==== Information provided

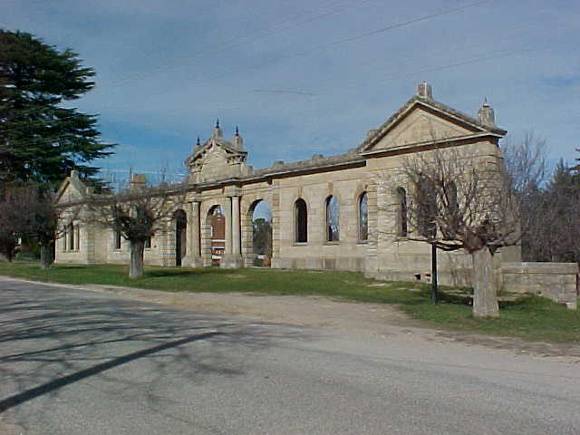 1 old hospital ruins church street beechworth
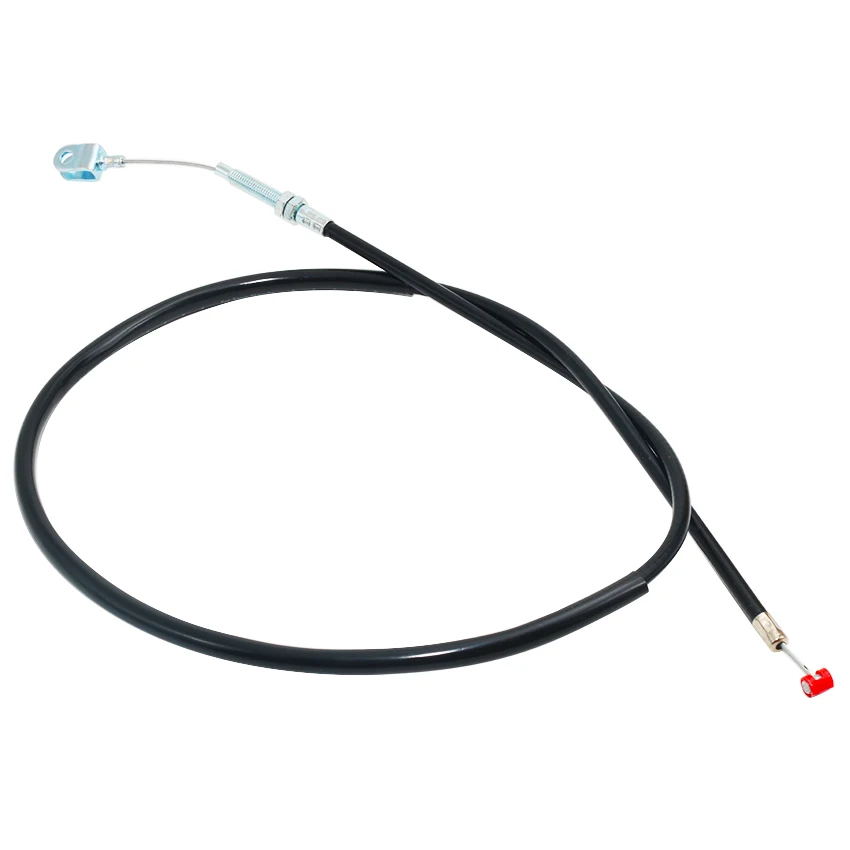 Motorrad-Kupplungskabel aus Stahlseil für Suzuki DR600 1985–1998 DR650 1990–1996 OEM: 58200-14A00 Motorradzubehör – Detail 4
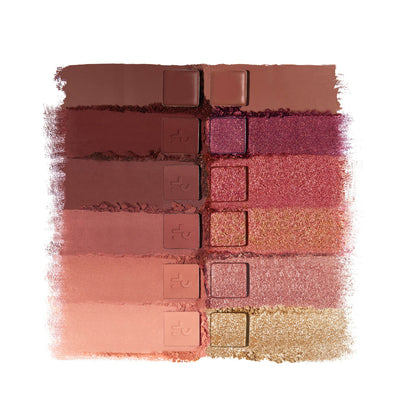 PATRICK TA 
Major Dimension  Matte Eyeshadow Palette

========

A faithful copy of all the lines above is needed, with the pictures omitted.

— Written solution —
 1 old hospital ruins church street beechworth
 Motorrad-Kupplungskabel aus Stahlseil für Suzuki DR600 1985–1998 DR650 1990–1996 OEM: 58200-14A00 Motorradzubehör – Detail 4
 PATRICK TA 
Major Dimension  Matte Eyeshadow Palette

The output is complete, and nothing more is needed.